◆ Action item: Nothing but the lines below from the one containing "Medicine uncovered." through the one containing "Ecrits. Autour de" should appear in the answer, exact and without pictures.

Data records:
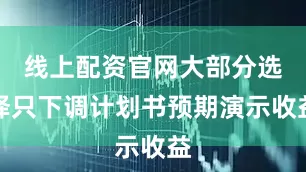 线上配资官网大部分选择只下调计划书预期演示收益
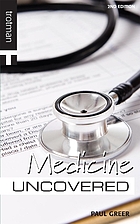 Medicine uncovered.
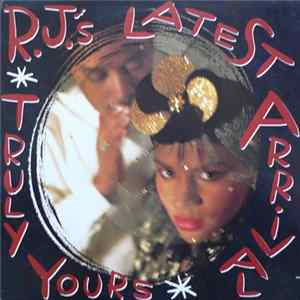 R.J.'s Latest Arrival - Truly Yours Album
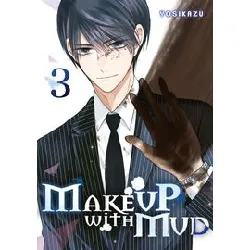 livre make up with mud - t03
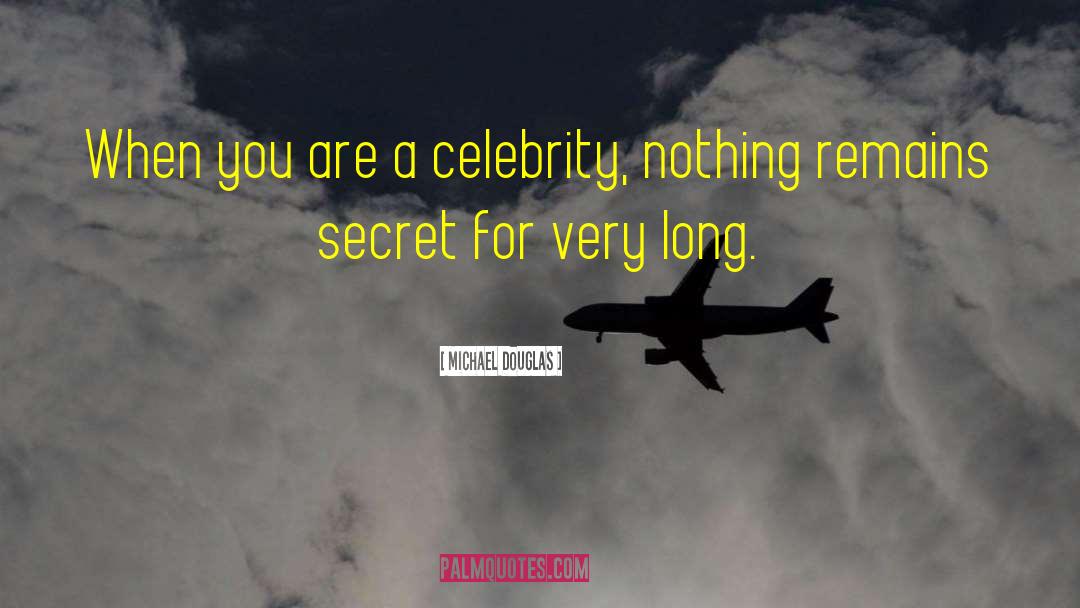 Michael Douglas Quotes: When you are a celebrity,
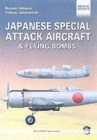 Image for Japanese special attack aircraft &amp; flying bombs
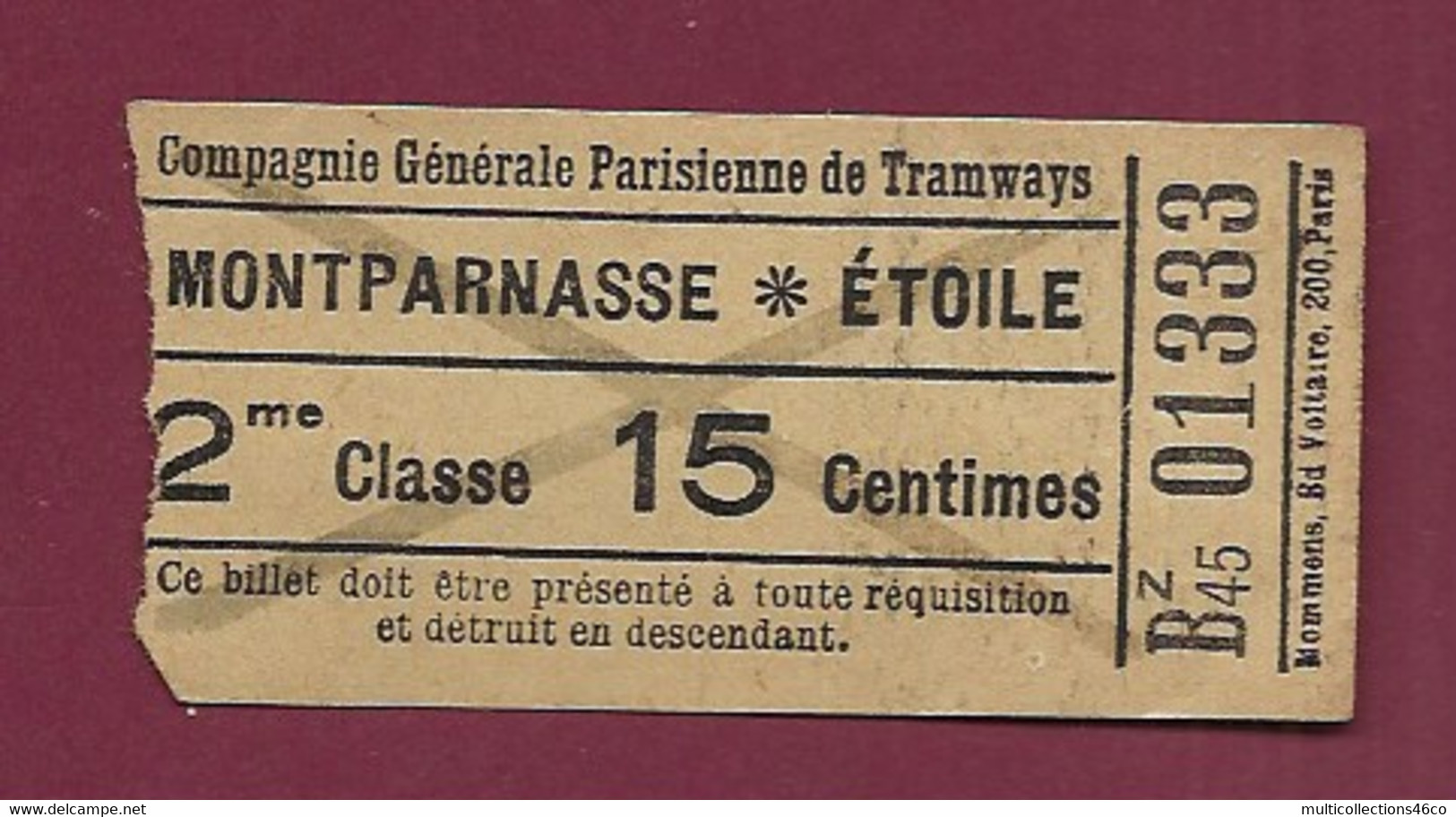 111220 - TICKET CHEMIN DE FER TRAM - Compagnie Générale Parisienne Des Tramways MONTPARNASSE ETOILE 15 C BZ45 01333 2cl - Europe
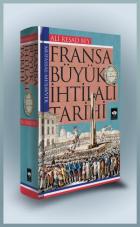 Fransa Büyük İhtilali Tarihi (Ciltli)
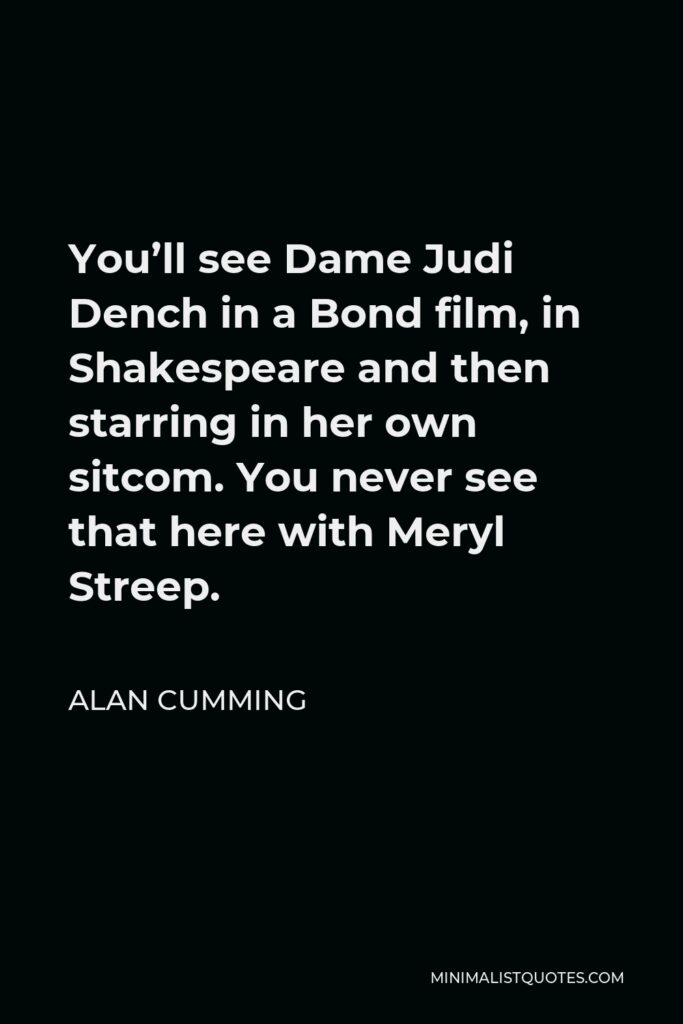 Alan Cumming Quote - You’ll see Dame Judi Dench in a Bond film, in Shakespeare and then starring in her own sitcom. You never see that here with Meryl Streep.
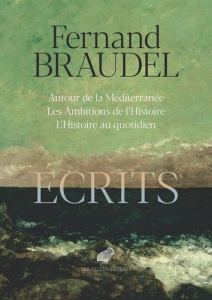 Ecrits. Autour de la Méditerannée - Les Ambitions de l'Histoire - L'Histoire au quotidien - Braudel Fernand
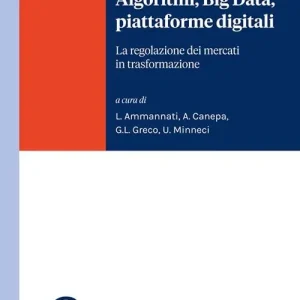 Algoritmi, Big Data, piattaforme digitali. La regolazione dei mercati in trasformazione A Buon Prezzo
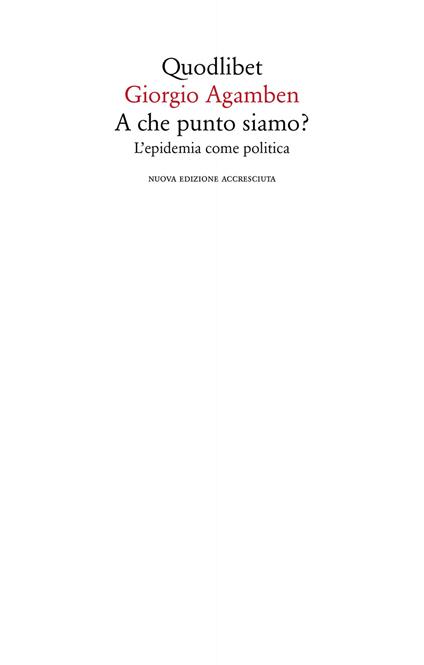 A che punto siamo? L'epidemia come politica. Nuova ediz. - Giorgio Agamben - ebook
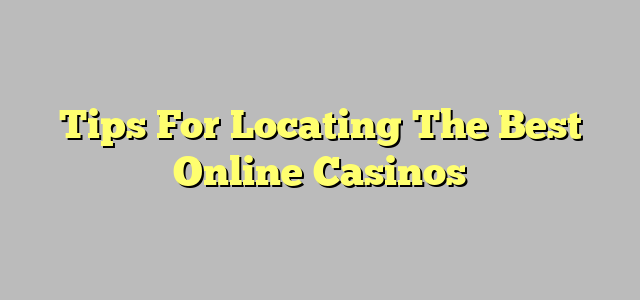 Tips For Locating The Best Online Casinos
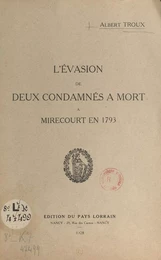 L'évasion de deux condamnés à mort à Mirecourt en 1793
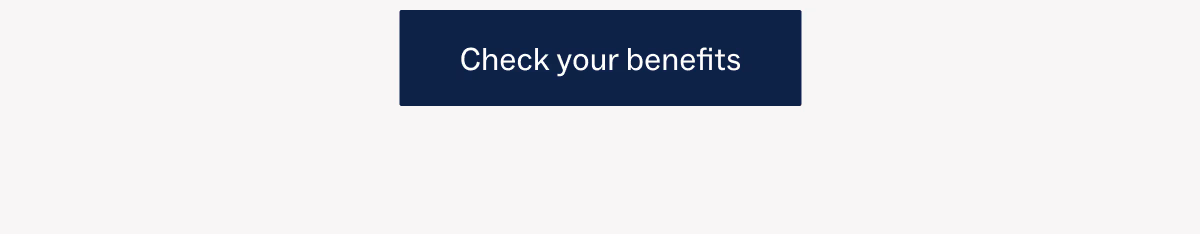 Check your benefits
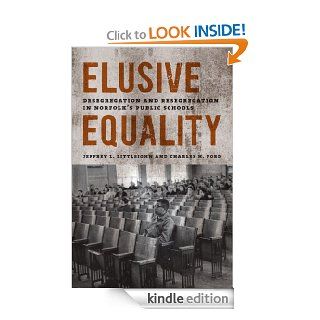 Elusive Equality Desegregation and Resegregation in Norfolk's Public Schools eBook Jeffrey L. Littlejohn, Charles H. Ford Kindle Store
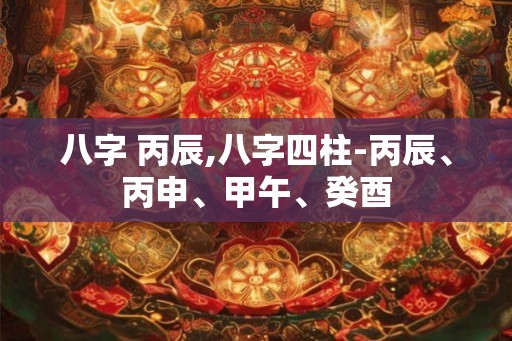 八字 丙辰,八字四柱-丙辰、丙申、甲午、癸酉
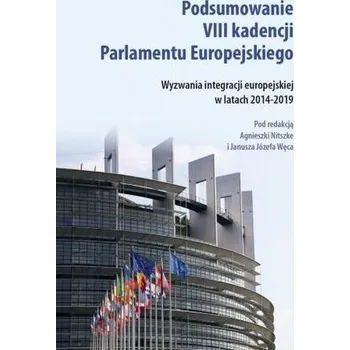 Podsumowanie VIII kadencji Parlamentu EU - red. Agnieszka Nitszke, Janusz Józef Węc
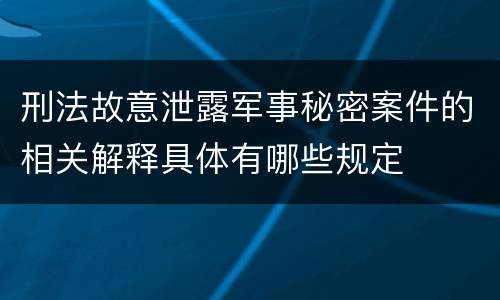刑法故意泄露军事秘密案件的相关解释具体有哪些规定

◆ Solution to this exercise:
 Medicine uncovered.
 R.J.'s Latest Arrival - Truly Yours Album
 livre make up with mud - t03
 Michael Douglas Quotes: When you are a celebrity,
 Image for Japanese special attack aircraft &amp; flying bombs
 111220 - TICKET CHEMIN DE FER TRAM - Compagnie Générale Parisienne Des Tramways MONTPARNASSE ETOILE 15 C BZ45 01333 2cl - Europe
 Fransa Büyük İhtilali Tarihi (Ciltli)
 Alan Cumming Quote - You’ll see Dame Judi Dench in a Bond film, in Shakespeare and then starring in her own sitcom. You never see that here with Meryl Streep.
 Ecrits. Autour de la Méditerannée - Les Ambitions de l'Histoire - L'Histoire au quotidien - Braudel Fernand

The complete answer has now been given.